▶ Problem to work on
Lines from the one with "Friends, portrait and" through the end of the records, and no others, are what the answer should contain, copied exactly; please keep pictures out.

BEGIN The records

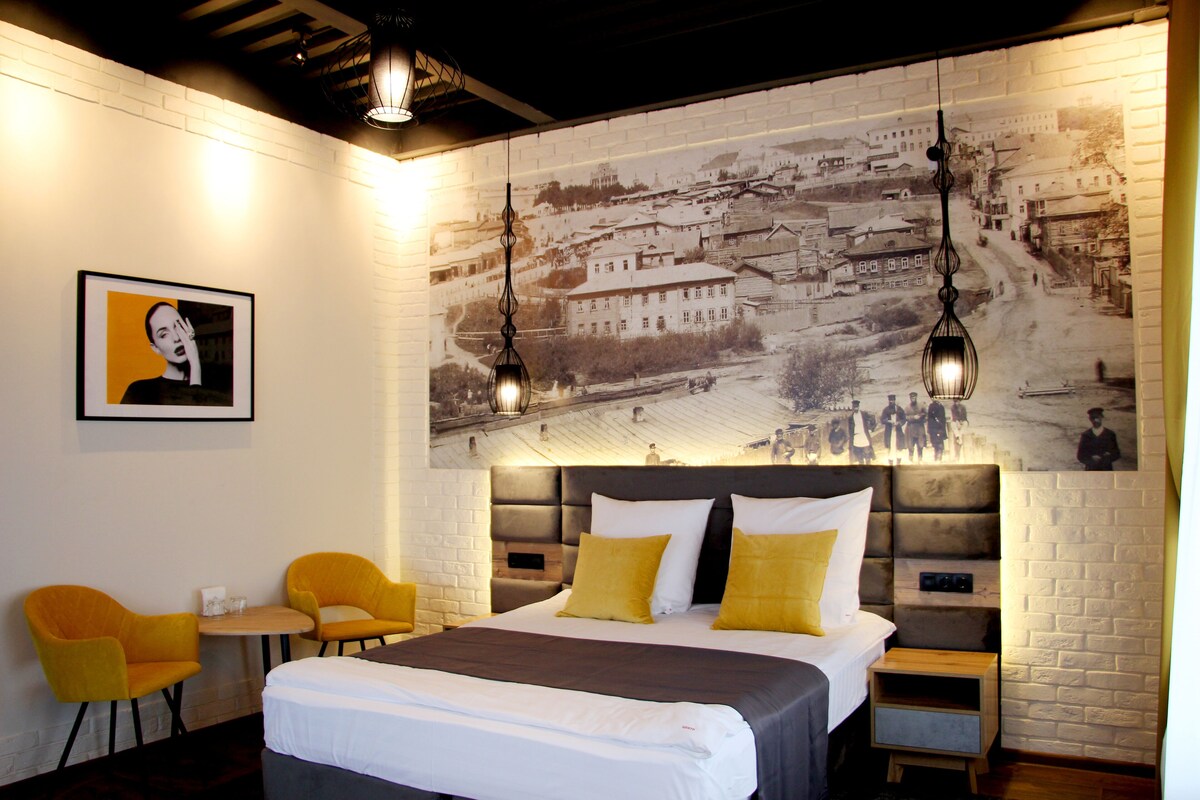 A hotel room with a large bed, two yellow chairs, a small table, and a cityscape mural on the wall.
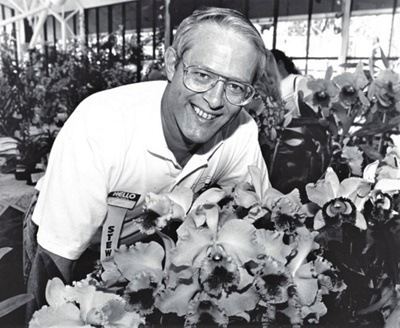 Photograph of Tony Beck with his prize winning orchids (Cattleya Mercia ...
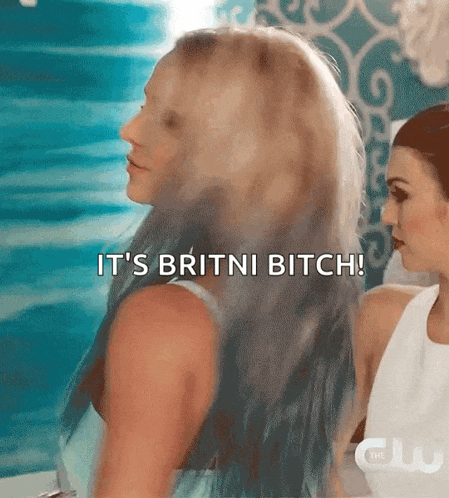 a woman says it 's britni bitch while another woman looks on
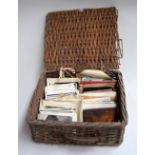 A wicker hamper containing a number of used and unused vintage postcards with a variety of subjects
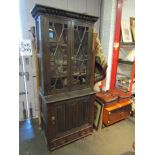 A heavily carved oak bookcase with astragal glazed doors,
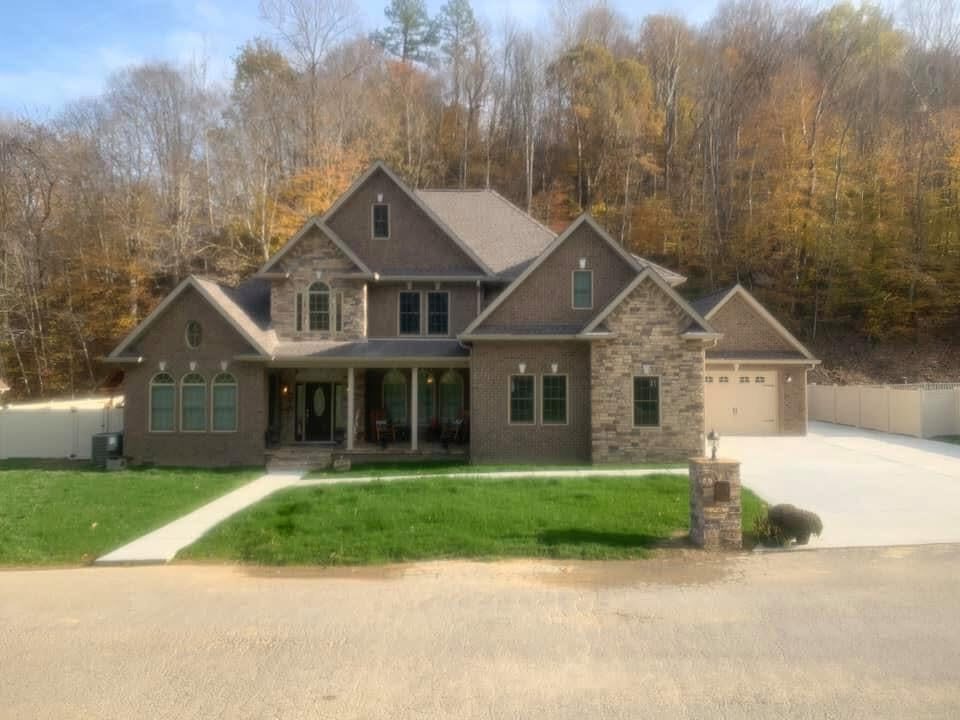 Brick and stone custom home with landscaped lawn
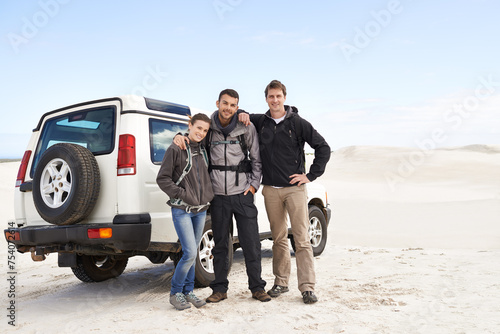 Friends, portrait and people with car in desert, travel and tourism in Dubai for safari and road trip. Adventure, journey and transportation, offroad vehicle or 4x4 on vacation with break outdoor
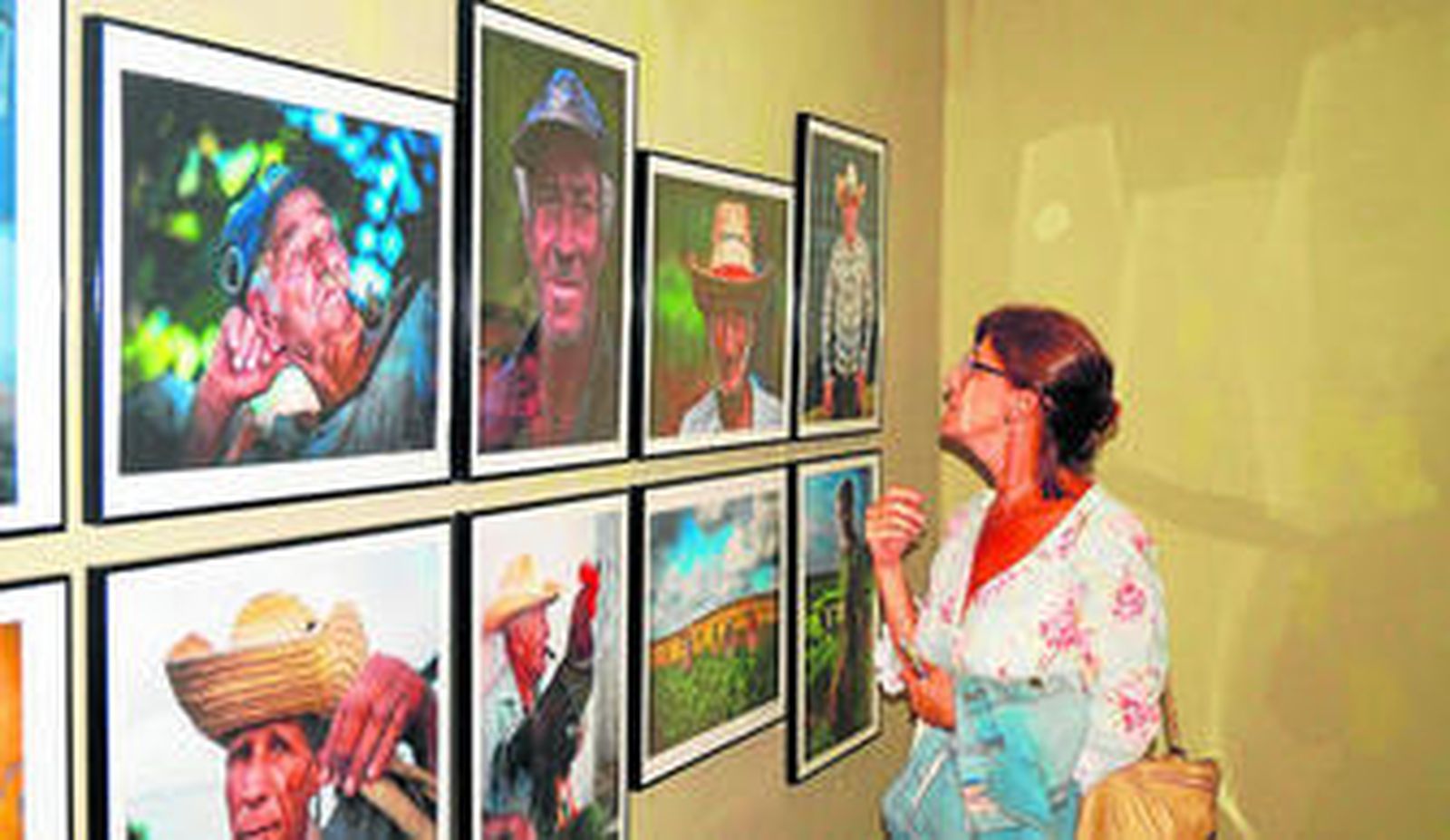Una mujer observa las fotografías de la exposición de Chip Cooper y Julio Larramendi.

END The records

▶ Reply
 Friends, portrait and people with car in desert, travel and tourism in Dubai for safari and road trip. Adventure, journey and transportation, offroad vehicle or 4x4 on vacation with break outdoor
Una mujer observa las fotografías de la exposición de Chip Cooper y Julio Larramendi.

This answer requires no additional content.